Pegylated liposomal doxorubicin with vinorelbine in metastatic breast carcinoma. A phase I-II clinical investigation.

A multicenter phase I-II trial was carried out with the aim of identifying the dose-limiting toxicity and the maximum tolerated dose of vinorelbine (VNR) in combination with pegylated liposomal doxorubicin at a dose of 20 mg/m(2) every 15 days in patients with metastatic breast carcinoma. In the phase I part of the trial, VNR was given at a dose of 20 mg/m(2) every 15 days to a group of 3 patients. In absence of unacceptable toxicity, VNR was escalated to 25, 30, and 35 mg/m(2) for subsequent groups of 3 patients, until the dose-limiting toxicity was reached.
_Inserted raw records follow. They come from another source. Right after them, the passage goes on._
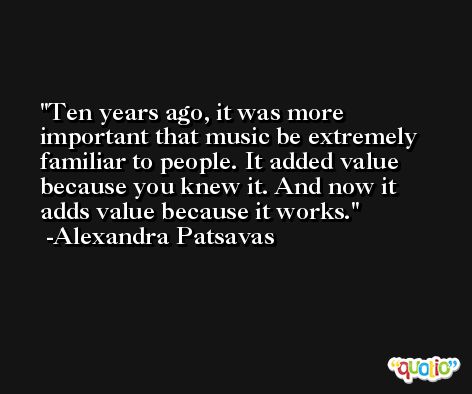 Ten years ago, it was more important that music be extremely familiar to people. It added value because you knew it. And now it adds value because it works. -Alexandra Patsavas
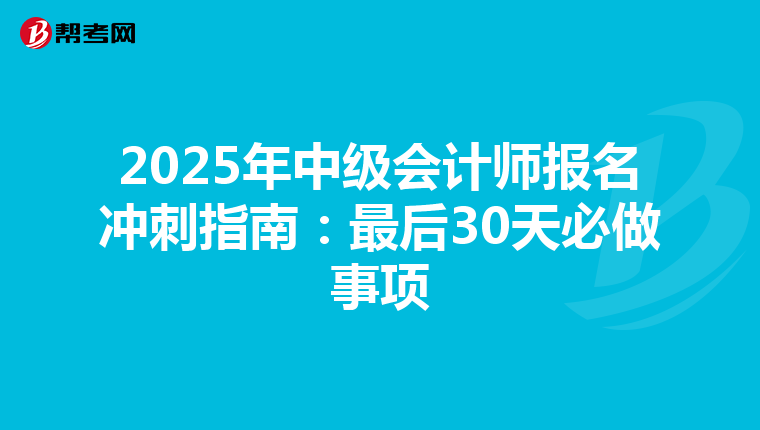 2025年中级会计师报名冲刺指南:最后30天必做事项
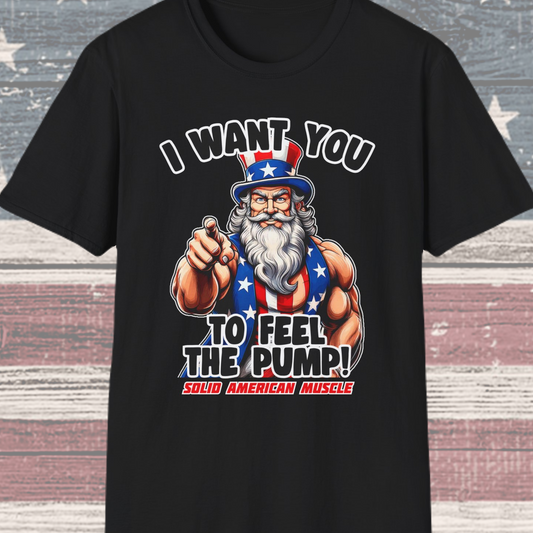 Solid American Muscle - I Want You to Feel the Pump! - Uncle Sam T-Shirt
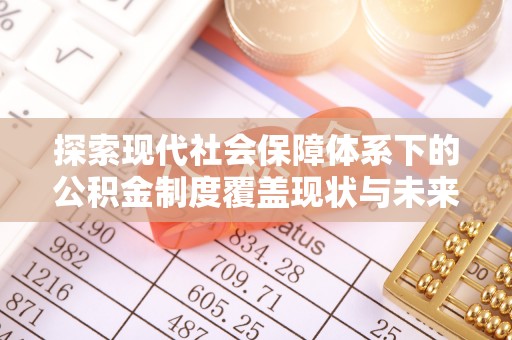 比如探索现代社会保障体系下的公积金制度覆盖现状与未来发展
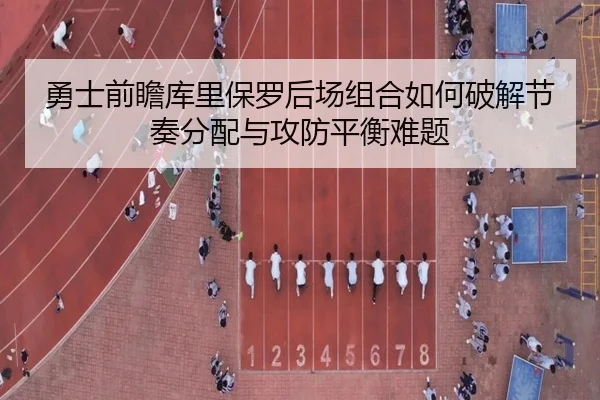 勇士前瞻库里保罗后场组合如何破解节奏分配与攻防平衡难题 | kaiyun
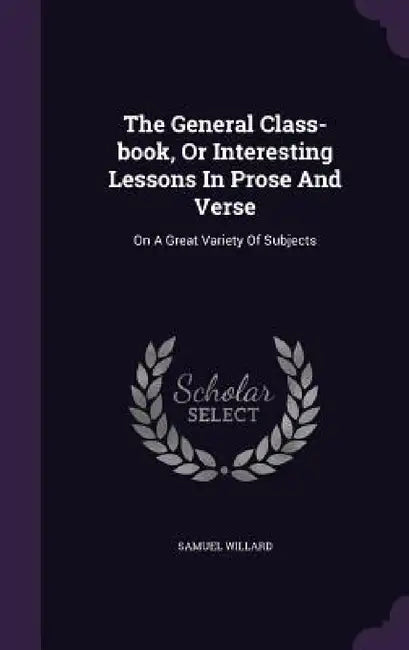 The General Class-book, Or Interesting Lessons In Prose And Verse: On A Great Variety Of Subjects by Samuel Willard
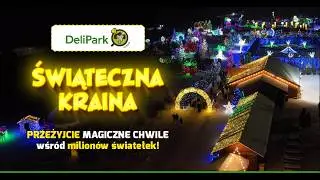 Świąteczna Kraina Deli Park - przeżyj magię czas wśr&oacute;d milion&oacute;w światełek!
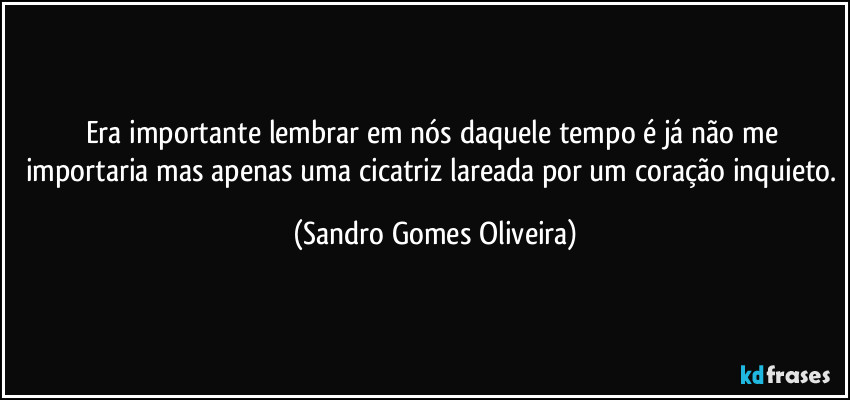 Era importante lembrar em nós daquele tempo é já não me importaria mas apenas uma cicatriz lareada por um coração inquieto. (Sandro Gomes Oliveira)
No case of palmar-plantar erythrodysesthesia was recorded in these patients. Grade 4 neutropenia, grade 3 thrombocytopenia, and grade 3 mucositis were the dose-limiting toxicities recorded in patients treated with VNR 35 mg/m(2). These side effects caused a substantial decrease in programmed dose intensity. Therefore 30 mg/m(2) was considered the maximum tolerated dose of VNR in combination with pegylated liposomal doxorubicin 20 mg/m(2), both given every 15 days. These dosages were employed for the treatment of further 18 patients included in phase II of the study. The overall response rate, calculated according to an intention to treat analysis, was 63% (95% CI: 44-80%), with 2 patients achieving a complete response. The median time to progression was 7.0 months or more (range 2-14 months). Median duration of objective responses was 8.4 months or more. The duration of the 2 complete responses was 9 and 14 months, respectively. Median duration of survival was 16.0 months or more (range from 4.0 to >or=24.0). Toxicity was generally mild and easily manageable. Neutropenia and mucositis were the most frequently recorded side effects. A case of palmar-plantar erythrodysesthesia was recorded in phase II of the study. In conclusion, the maximum tolerated dose of VNR in association with pegylated liposomal doxorubicin is 30 mg/m(2) on a bimonthly schedule. Moreover, the combination of VNR and pegylated liposomal doxorubicin is active against metastatic breast carcinoma and is associated with a good toxicity profile. Further studies with this combination regimen are warranted.